Dispelling conspiracy theories and untruths can be difficult when people only hear what they already believe.

September 28, 2009|GREGORY RODRIGUEZ

Just because you're paranoid doesn't mean that someone's not after you. Over the last few months, a lot of writers have dusted off Richard Hofstadter's classic 1964 essay on the paranoid style in American politics just so they can explain away the loony rumors and conspiracy theories coming from the far right. But no amount of intellectual condescension is going to make those powerful untruths go away.

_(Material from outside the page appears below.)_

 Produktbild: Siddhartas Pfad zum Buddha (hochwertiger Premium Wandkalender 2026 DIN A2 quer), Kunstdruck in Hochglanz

The real truth is that, as weird as they are, rumors and conspiracy theories can only thrive in the minds of people who are predisposed to believe them. Successful propagators of fringe theories don't just send random balloons into the atmosphere. Rather, they tap into the preexisting beliefs and biases of their target audiences.

Plenty of studies have shown that people don't process information in a neutral way -- "biased assimilation" they call it. In other words, rather than our opinions being forged by whatever information we have available, they tend to be constructed by our wants and needs. With all their might, our minds try to reduce cognitive dissonance -- that queasy feeling you get when you are confronted by contradictory ideas simultaneously. Therefore, we tend to reject theories and rumors -- and facts and truths -- that challenge our worldview and embrace those that affirm it.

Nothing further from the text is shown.